Connecting Columbia Union Seventh-day Adventists

Kettering College Collaborates with Kettering Medical Center, Local EMS and Law Enforcement for Mass Casualty Emergency Exercise

Story by Lauren Brooks

On Sunday, May 21, Kettering College and Kettering Medical Center participated in a full-scale mass casualty emergency preparedness exercise.

The exercise used intentional simulations to assess emergency procedures and medical responses to a mass casualty incident involving elements of terrorism and an active shooter incident. This simulation included mock wounds and sound effects to create a more realistic setting, and it was one of the largest exercises of this kind in the Dayton area.

“This was an outstanding collaborative effort, with Kettering College students, faculty and staff working alongside hospital personnel, as well as police, fire and rescue professionals,” said Nate Brandstater, president of Kettering College. “We, at the college, gained valuable insights into our systems and capabilities, which we will use to ensure the safety of our community and our readiness to respond in a crisis.”

Each year, hospitals are required to go through this type of training. This comprehensive training was unique because of the inclusion of agencies like Kettering Police, Fire and Dispatch, other area EMS and law enforcement as well as the Greater Dayton Area Hospital Association, the Southwest Ohio Regional Trauma System, and the Dayton Metropolitan Medical Response System.
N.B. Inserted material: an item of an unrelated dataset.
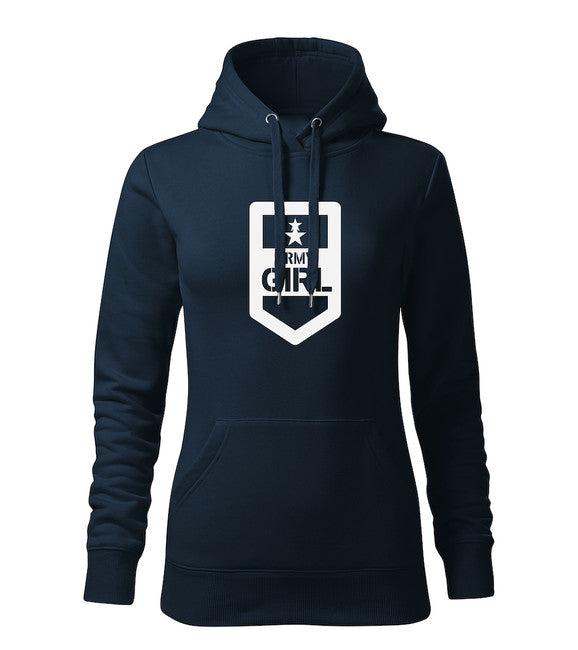 DRAGOWA army girl ženski pulover s kapuljačom 320 g/m², tamnoplavi
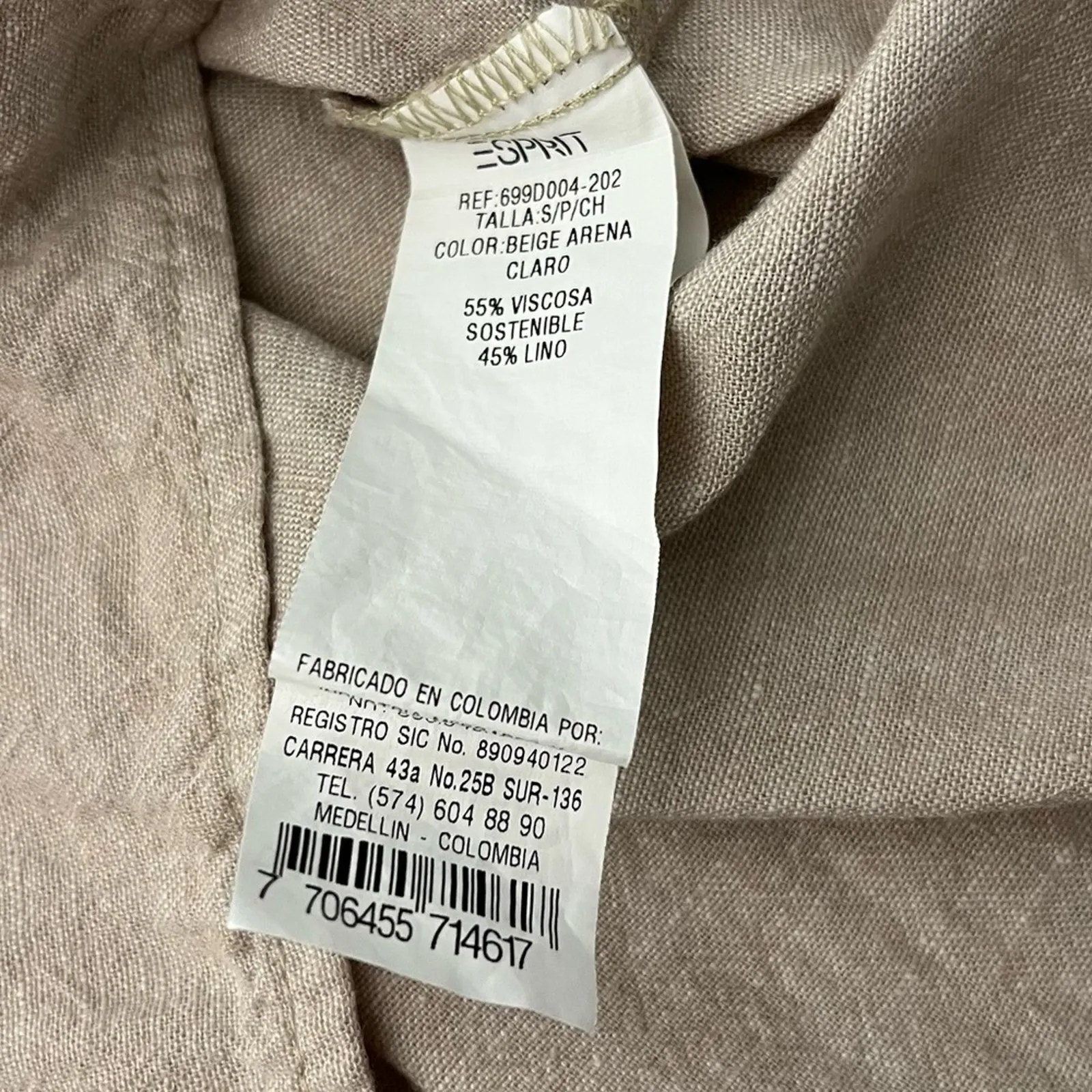 ESPRIT Linen Botton Front Utility Midi Dress Lightweight Khaki Women’s Size S - Image 7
“More than 40 participating Kettering College students gained valuable insight into how healthcare professionals work with other professionals to respond to a mass casualty event,” said Brandstater.

Kettering College, the educational institution of Kettering Adventist HealthCare, wants to be prepared for these events in how it responds and communicates to students, faculty, staff, parents and residents of Kettering and the wider Dayton area. This exercise was a proactive step to ensure that students and staff are prepared for any emergency situation.

“As a victim, we were being trained on what to do in such a terrible situation, when resources are scarce and help wouldn’t be immediate,” said Morena Madden, junior nursing major, who was a wounded student participating in the exercise.  “I learned that we needed to start caring for each other right away.”